El rumbo es realmente lo importante porque, sin él, el destino es tan solo una utopía. Y de ahí la brújula, el GPS y cuánta ayuda puedas regalarte...

A 600 metros, en la rotonda, tome la segunda salida; continue por M40 durante 2 kilómetros; manténgase a la izquierda en la bifurcación; manténgase a la izquierda en la bifurcación; manténg… (recalculando ruta); en la rotonda tome la tercera salida; incorpórese a M30; continue por M30 durante 3 kilómetros; a 500 metros tome la salida dirección A1 (…) Gire a la izquierda por Avenida Miguel de Cervantes; su destino está a 500 metros; ha llegado a su destino.

Y llegó el momento de hacer uso de ese gesto que amaba profundamente… apagar el GPS.

Detestaba usarlo, aunque no tanto como no tenerlo; tenía su magia y también su misterio; la sacaba de mil apuros y la metía en otros tantos porque a veces no se entendían, a veces él avisaba antes de tiempo y en otras ocasiones demasiado tarde, porque no parecía comprender las visicitudes del tráfico ni lo imposible de cruzarse cuatro carriles en 500 metros y hora punta, porque repetía una instrucción tres veces cuando bastaba con una y sólo daba una instrucción una vez cuando hubieran hecho falta más detalles y en más de una ocasión… Lo tenía claro, no podía moverse por Madrid sin su GPS, pero la mujer que vivía en su interior con el mapa en su voz, tenía tantos problemas de orientación como ella misma.
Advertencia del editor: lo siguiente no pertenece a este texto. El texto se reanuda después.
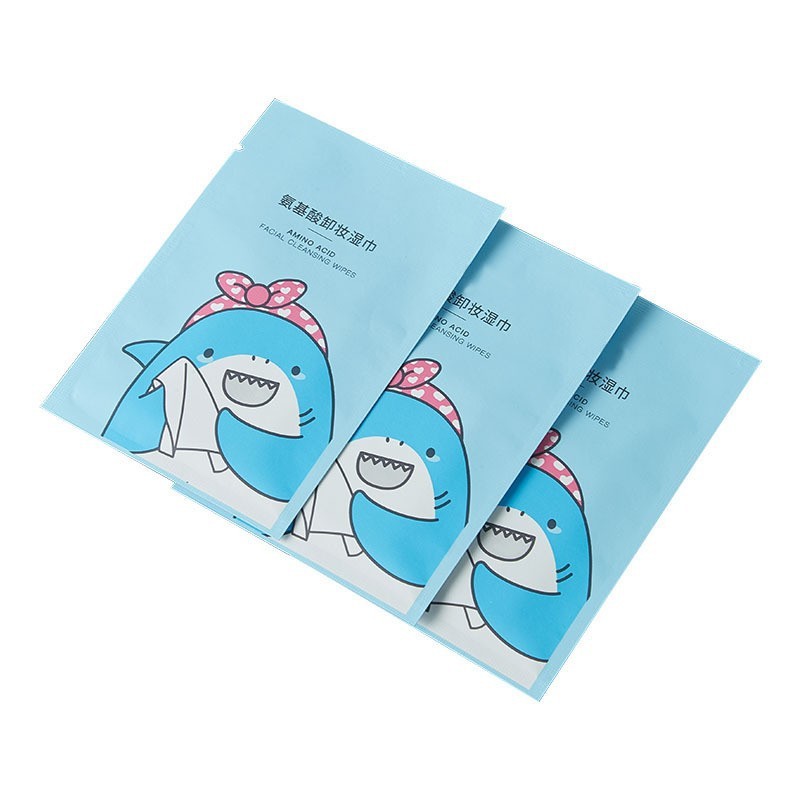 一次性独立包装敏感肌卸妆湿巾懒人必备眼唇脸三合一牛油果卸妆棉|undefined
Pero no importaba porque lo cierto es que entre ambas, aunque fuese recalculando ruta, solían llegar a tiempo a su destino, como en aquella ocasión en la que le habían sobrado incluso 10 minutos, los justos para retocarse el maquillaje, ponerse una gota más perfume y pensar que ojalá la vida tuviese también un GPS…
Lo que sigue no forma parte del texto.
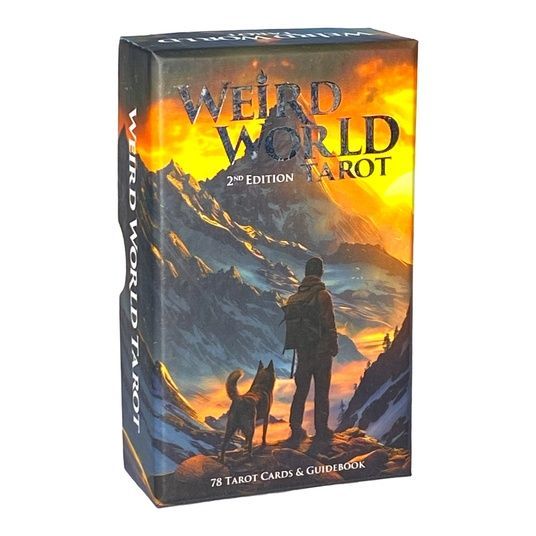 Купить Weird World Tarot 2 Edition | Таро Дивного Мира 2 издание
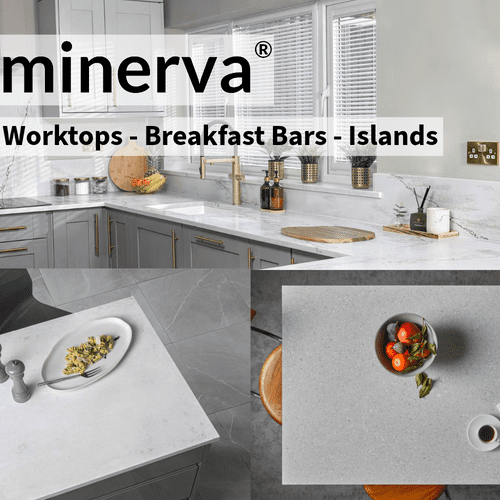Minerva Solid Surface Worktops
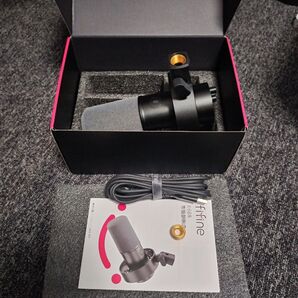 FIFINE K688 ダイナミック マイク 美品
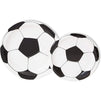 Soccer Birthday Party Pack, Dinnerware Set and Banner (Serves 24, 171 Pieces)
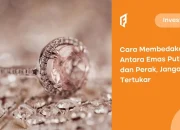4 Cara Membedakan Emas Putih dan Perak, Jangan Tertukar!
Se hubiera conformado con uno disfuncional que calculase la ruta a ojo, le hubiera bastado una brújula que le ayudase a no perder nunca su norte, una mera indicación hubiera sido suficiente para marcar su rumbo y ceñirse a él por siempre jamás.

Y es que no importaba que tuviera su destino marcado en todas sus libretas y en el fondo de sus sueños, la vida era el caos de cada día y su brújula a veces perdía los cuatro puntos cardinales; no era algo que pudiera evitar, era el libre albedrío de la vida mezclado con las consecuencias inesperadas de decisiones propias, con el azar y con alguna decisión ajena que resultaba al final no ser tan ajena como parecía… Y ante todo ésto y más tocaba arriar velas y volar donde el viento la llevara, vivir la travesía, sentirla, disfrutarla… para reajustar de nuevo el rumbo en dirección a donde la llevaba su corazón, a ese destino que le era propio, que era suyo y para sí, en cuya orilla sabía que fondearía un día su vida y ese día sería para siempre…

Y es que uno no puede ir más que donde el corazón lo lleve aunque para ello tenga que perderse y encontrarse, equivocarse, acertar, tener suerte (buena y mala), recalcular la ruta… o lo que fuera menester.